May 28, 2021 12:28 PM EDT
Many people search for a career with meaning but are wary of pursuing work in crowded fields. What's the point of getting a two or four-year degree if you can't find an entry-level job? While an understandable line of thinking, concern over job prospects can freeze our ambitions and discourage us from following our dreams.
The best compromise is to find an exciting and meaningful career option with plenty of room for newcomers. If that sounds appealing to you, look no further than scientific research. There are plenty of entry-level positions to go around, and most only require an associate's or bachelor's degree.
Sound too good to be true? We don't blame you for thinking so but insist otherwise. To drive the point, we've outlined five types of entry-level jobs involving scientific research:
The overwhelming majority of scientific research gets done inside laboratories. Whether they're publicly funded or privately owned, research labs need entry-level technicians to do the grunt work and lay the foundations for more advanced study. Most lab technicians are trained to use 96 well dispenser systems and other state-of-the-art research equipment. It's one of the best ways to get your hands on the latest technology while also performing critical scientific research.
As the job title suggests, research assistants help the lead researchers in their efforts to gather data, catalog it, quantify it, and draw conclusions from it. The day-to-day responsibilities will ultimately depend on the type of research being performed. For instance, if it's a study on biodiversity, your duties could include gathering samples at specific locations and documenting every conceivable detail. Or, if it's the observation of an astronomical anomaly, your work could involve monitoring detection equipment or operating the telephones overnight in case something happens.
Unlike a research assistant, who directly works with lead researchers on a specific study or project, a research associate works with multiple researchers to coordinate several studies simultaneously. More often than not, research associates work for private institutions to reduce bias without compromising coordination. For example, a research associate working for an aerospace company gathers up the progress made by four different departments regarding the development of a new type of wing design. That way, things move forward smoothly despite four factions working independently on the same project, something that could easily stifle progress without a subjective outsider managing the combination of divided effort.

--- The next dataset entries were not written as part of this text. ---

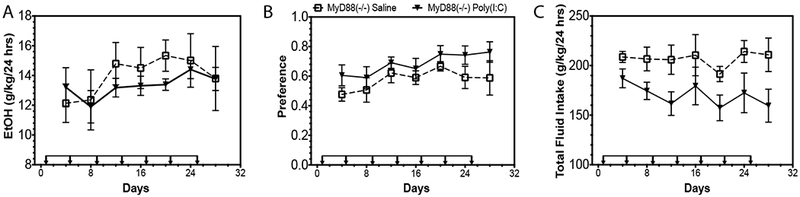 Figure 5: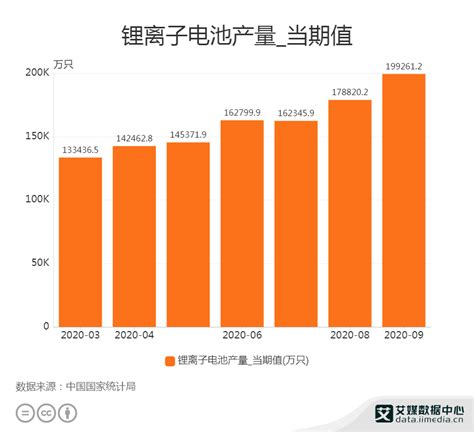 电池行业数据分析：2020年9月中国锂离子电池产量为199亿只财经头条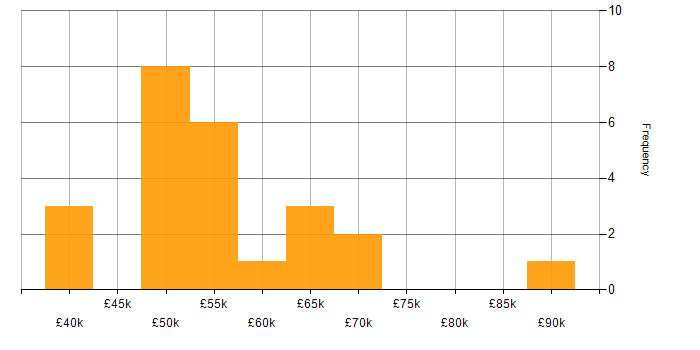 Salary histogram for OCP in the UK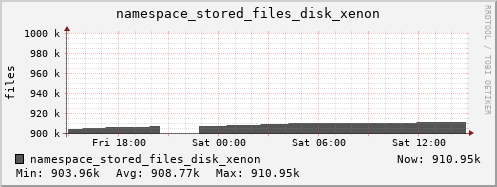 db1.mgmt.grid.surfsara.nl namespace_stored_files_disk_xenon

The work of a research coordinator is predominantly fixed on the front and back ends of research projects. They screen subjects, schedule their involvement, and perform any post-study follow-up. In the meantime, they monitor and document any developments that could impact or influence the results of the study. It's a suitable position for those who prefer a less hands-on entry-level role in scientific research.
Data entry clerk
Another hands-off but nonetheless important entry-level position within scientific research is data entry clerk. You take the data gathered from an active study and - no surprise - enter it into the necessary database for the sake of analysis and understanding. Though behind the scenes and "entry-level," the duties of a data entry clerk are paramount to the success of a scientific study. The efforts of researchers are in vain if the scientific data gathered is unavailable or unreliable. With this in mind, data entry clerks are some of the unsung heroes of scientific research.
Do you dream of a career in science but don't know where to start? If so, consider majoring in an area of science that prepares you for one of several entry-level positions in scientific research. It's not only a practical employment opportunity, it's a chance to play a critical role in developing an advanced understanding of the universe.